Рука аккуратно подняла ее и поместила в стеклянную банку, накрыв сверху грязной сеткой. У горлышка рука зафиксировала сетку верёвкой, а затем исчезла.
Наступила тишина.
Феечка распрямила крылышки, осторожно встала и огляделась.
Стеклянная банка стояла на деревянном дряхлом столе. Одной стороной он прилегал к грязному и заляпанному мушками окну. Через него, пусть и плохо, но проглядывался двор.

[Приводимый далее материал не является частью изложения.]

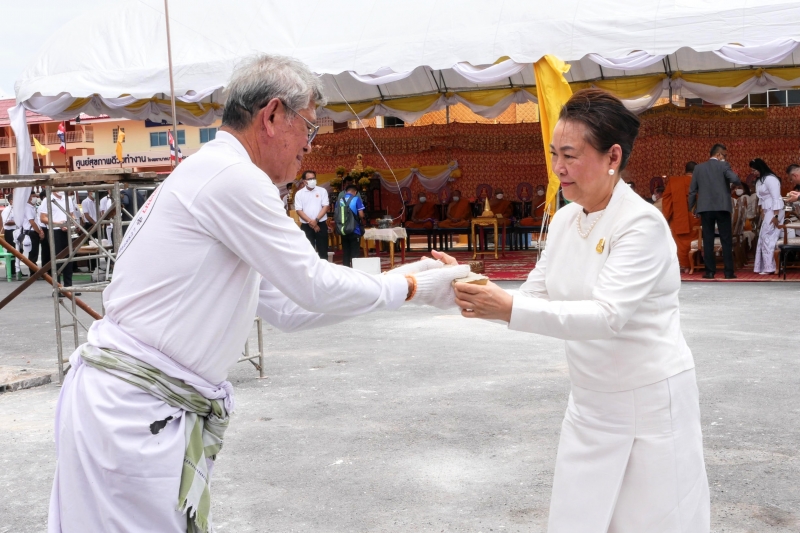 พิธีเททองหล่อพระพุทธโสธร รุ่น มงคลแผ่นดิน 108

Темно-серая перина из табачного пепла и потрескавшейся краски согревала подоконник, по которому, словно крохотные бревнышки, «плавали» окурки от сигарет. По ним было бы легко добраться до окна, не утонув в едкой перине.

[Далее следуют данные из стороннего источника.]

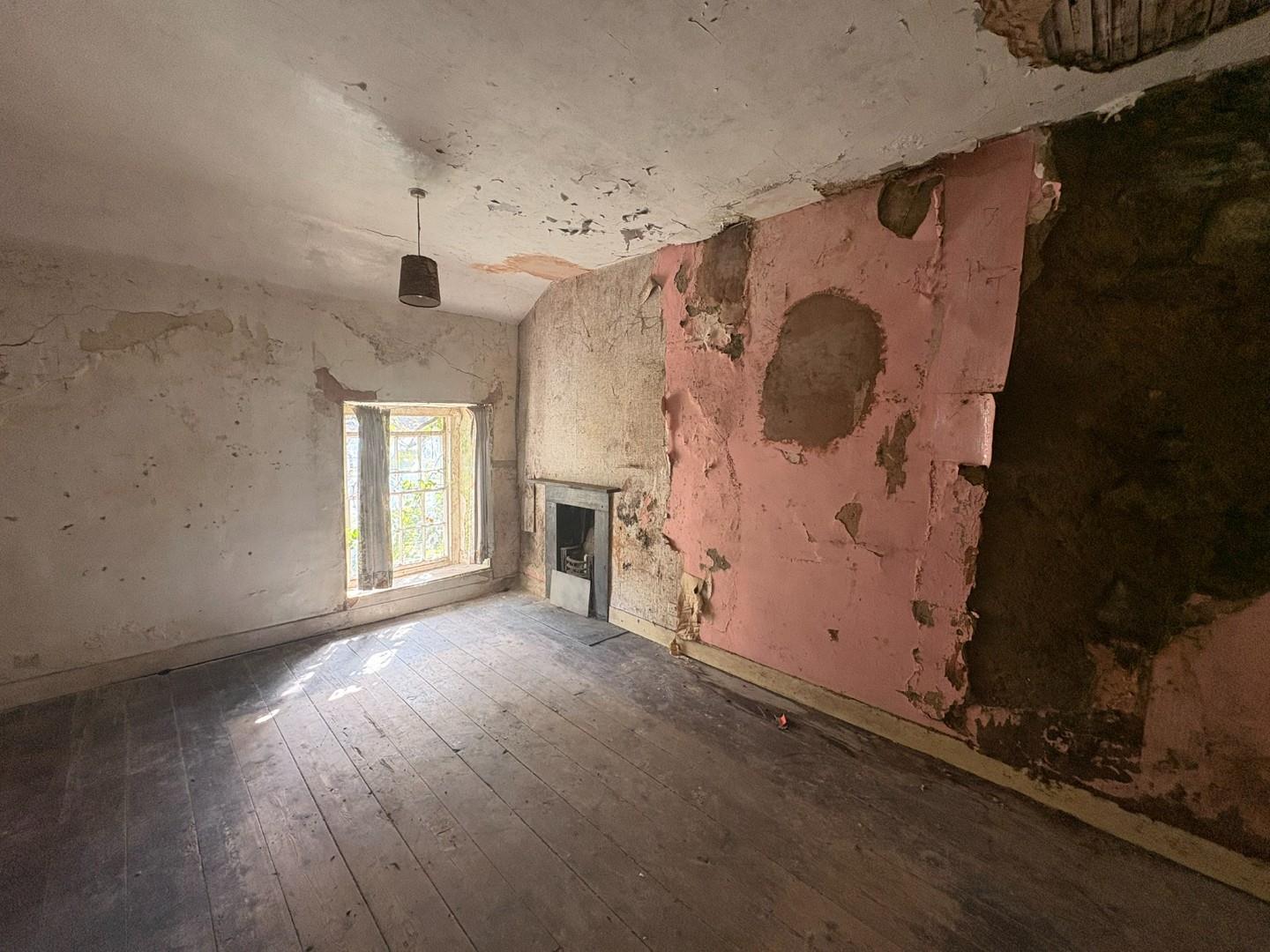 Bedroom 2.JPEG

Занавески, пропитанные грязью и копотью, едва держались на тоненьком карнизе, и пленница испугалась, что подлети она к ним, те грохнутся и раздавят ее.
Впрочем, она все равно не смогла бы выбраться из банки… В центре стола лежала хлопковая салфетка с кружевами по краям. Наверное, она служила пепельницей, потому что всю ткань покрывали обугленные дырки.
На салфетке стояла алюминиевая глубокая миска, и в ней что-то плавало.
Наверно, супчик. Вот он ожил, и из тарелки стали вылетать брызги.
Оттуда выпрыгнула симпатичная зелёная квакша, да так неожиданно, что Феечка вскрикнула, отскочила назад и больно ударилась о стеклянную стенку. Квакша же попрыгала по столу и вернулась в миску.
У противоположной стены находился полуразваленный камин, над которым протянулась длинная палка. На ней болтался чайник, покрытый копотью.
Над камином висело много полок и полочек, на которых стояла побитая грязная посуда, стеклянные пузырьки с какой-то жижей, травами, порошками и сушеными червяками.
Возле камина прислонилась балалайка с вырванными струнами. Паучки облепили ее паутиной со всех сторон.
Феечка заметила, что полы в хижине были деревянные и неровные.
На полах лежала узкая вязаная дорожка, которая начиналась от порога и заканчивалась у камина, где ее цвет смешался с золой и копотью. При прежней жизни она, скорее всего, была полосатой и очень яркой.
Рядом со столом стояло очень низкое кресло. Феечка взлетела в банке и увидела, что оно без ножек. В кресле спал великан – ее похититель.
Он притащил ее сюда в кармане рубахи. Какой же великан был страшный и тощий! Он походил на чёрта, как и померещилось Феечке, когда увидела его страшную рожу!
Торчащие в разные стороны короткие волосы обрамляли трапециевидное лицо, а ото лба и до макушки шла широкая проплешина. Закрытые глаза располагались далеко друг от друга, щеки впали, а из огромного приплюснутого носа торчали длинные одиночные волоски, доставая до лошадиного рта.